In the copy, include no pictures, but reproduce every record exactly.

#### Material provided:
####

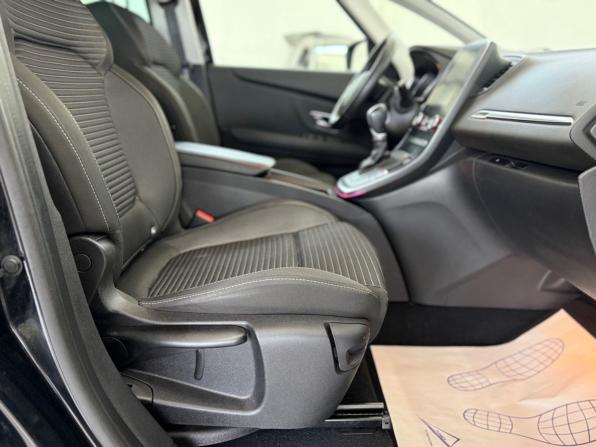 Renault Scenic IV с пробегом 2020 года, цена 1 645 000 рублей, 127158 км, компактвэн, Автокод Объявления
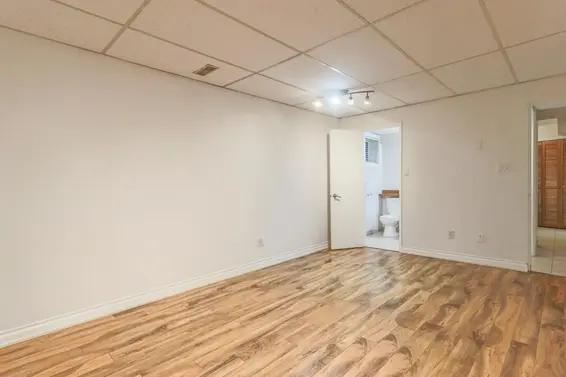 1352 East 16th Street, North Vancouver For Sale - image 34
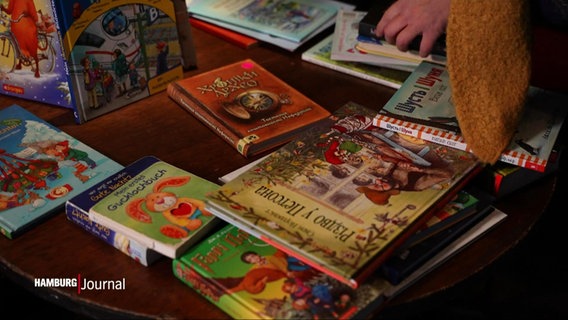 Ukrainische Kinderbücher liegen auf einem Tisch. © Screenshot 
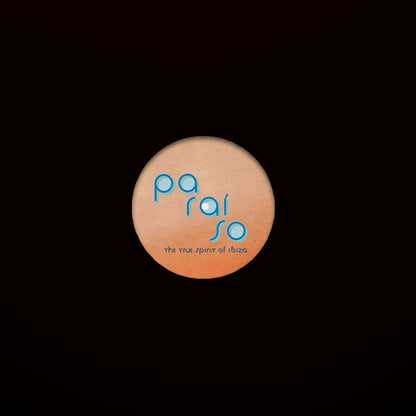 Vinilo Varios Artistas – The True Spirit of Ibiza (Bonus Sampler 2), diseño minimalista con círculo en tonos arena y logo “paraíso” azul sobre fondo oscuro.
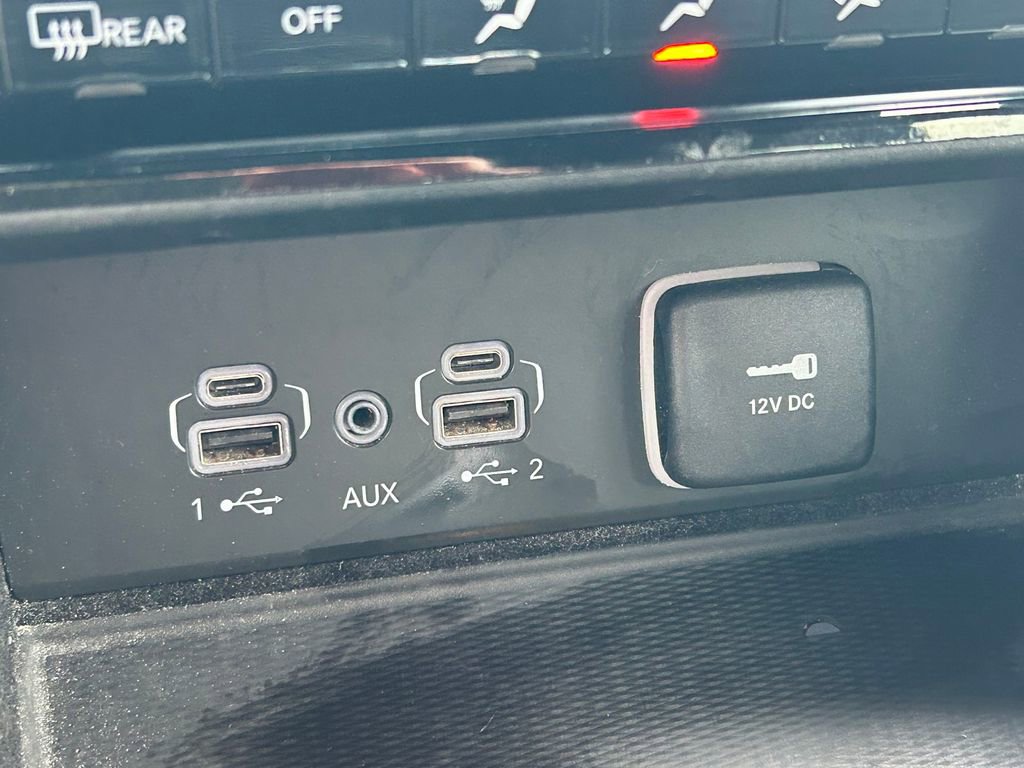 Used 2022 Jeep Grand Cherokee L Laredo RWD image 32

####

#### Your solution:
 Renault Scenic IV с пробегом 2020 года, цена 1 645 000 рублей, 127158 км, компактвэн, Автокод Объявления
 1352 East 16th Street, North Vancouver For Sale - image 34
 Ukrainische Kinderbücher liegen auf einem Tisch. © Screenshot 
 Vinilo Varios Artistas – The True Spirit of Ibiza (Bonus Sampler 2), diseño minimalista con círculo en tonos arena y logo “paraíso” azul sobre fondo oscuro.
 Used 2022 Jeep Grand Cherokee L Laredo RWD image 32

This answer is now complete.